Kriege reduzierten immer wieder die Auswahl an Männern zeitenweise ganz gewaltig.
Es gab auch früher ganze Kategorien von Menschen die eine "Karriere" einschlugen, weil dies zahlreiche Vorteile für sie hatte - Beziehung aber ausgeschlossen war: Priester, Mönche, Nonnen. Aber ev. auch in weiteren Berufen, war der gesellschaftliche Statuts so gestaltet und der Lohn zu klein, um eine Familie zu gründen: Wanderarbeiter, Landschullehrer, Gouvernanten...
Man darf auch nicht vergessen dass die Menschen früher z.T. tatsächlich weniger Möglichkeiten hatten, jemanden kennenzulernen. Sind alle Junggesellen aus dem Bergdorf oder der Kleinstadt vergeben und der nächste Ort eine Tagesreise zu Fuss oder per Pferdekutsche entfernt? Pech gehabt.
Auch galten "früher" teilweise strenge kulturelle Regeln die das Heiraten regulierten. Z.B. Die Söhne heiraten nicht, bevor die Töchter nicht unter der Haube sind usw. Gelang es aus irgend einem Grund nicht, das umzusetzen, konnte es dazu führen, dass eben gar nicht geheiratet wurde.

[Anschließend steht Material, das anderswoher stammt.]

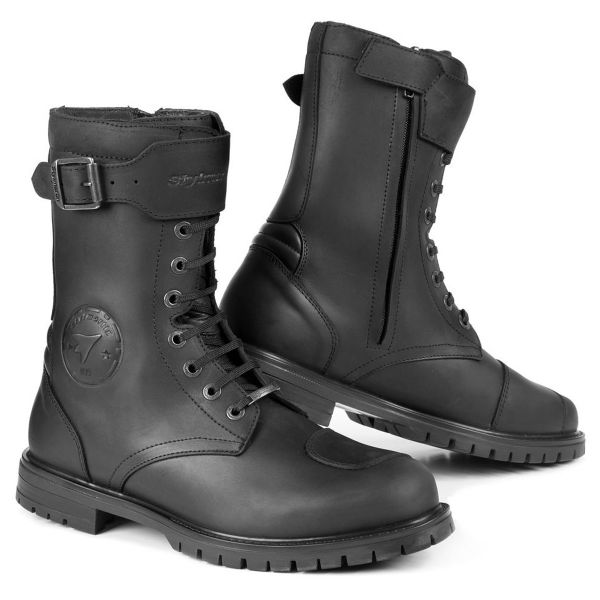 Stivali Moto Stylmartin Rocket Black Stivali Moto Stylmartin Rocket Black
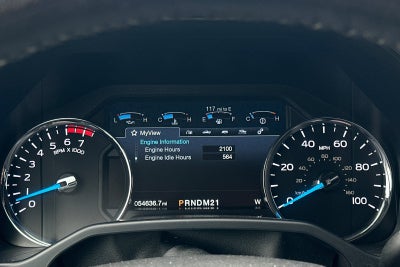 2017 Ford Super Duty F-350 SRW Platinum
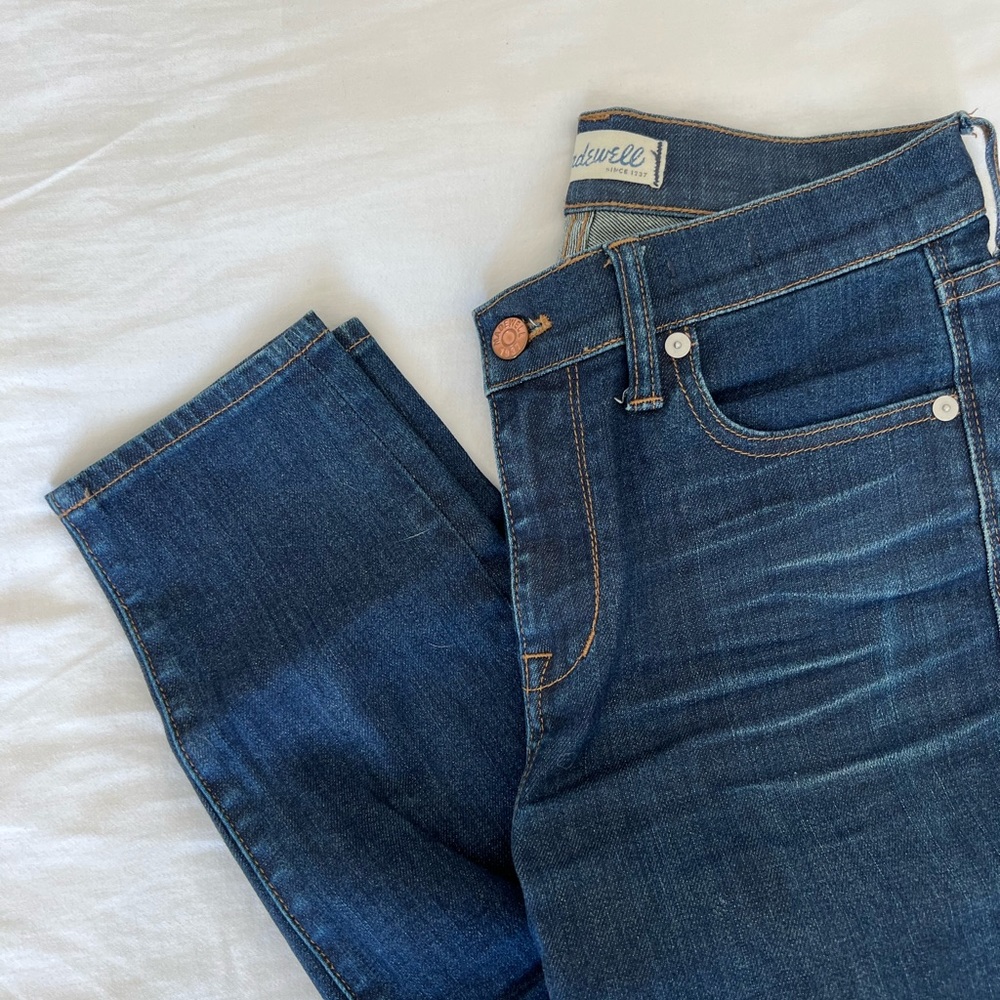 Madewell jeans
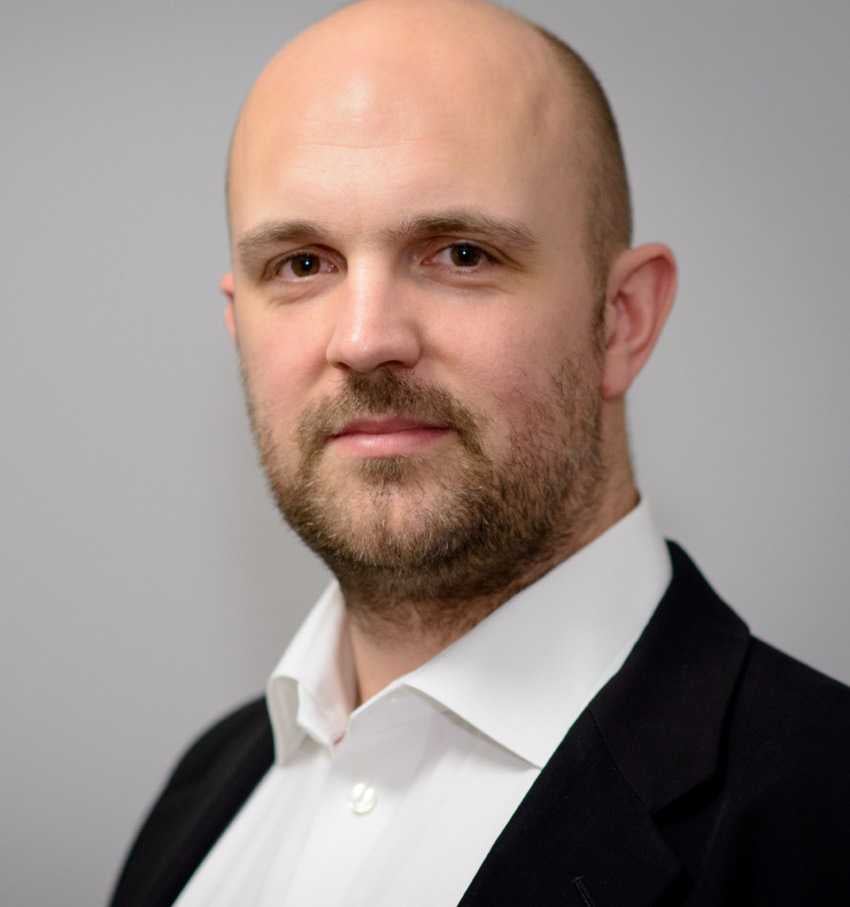 Jonas Stenvinkel has joined the growing Elation sales department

Ja und der Druck heiraten zu müssen wenn man Sex haben wollte (weil dann ein Kind kam) fällt heute tatsächlich weg. Diese ganzen von mir aufgezählten Menschen hatten wohl aber früher teilweise ähnlich "unverbindlich" Sex wie das heute gern beklagt wird.
Wir messen uns heutzutage an der Baby-Boomer-Generation unserer Eltern. Vielleicht würden wir unser Liebesglück gescheiter mit dem unserer Urgrosseltern vergleichen um die Perspektive etwas auszugleichen.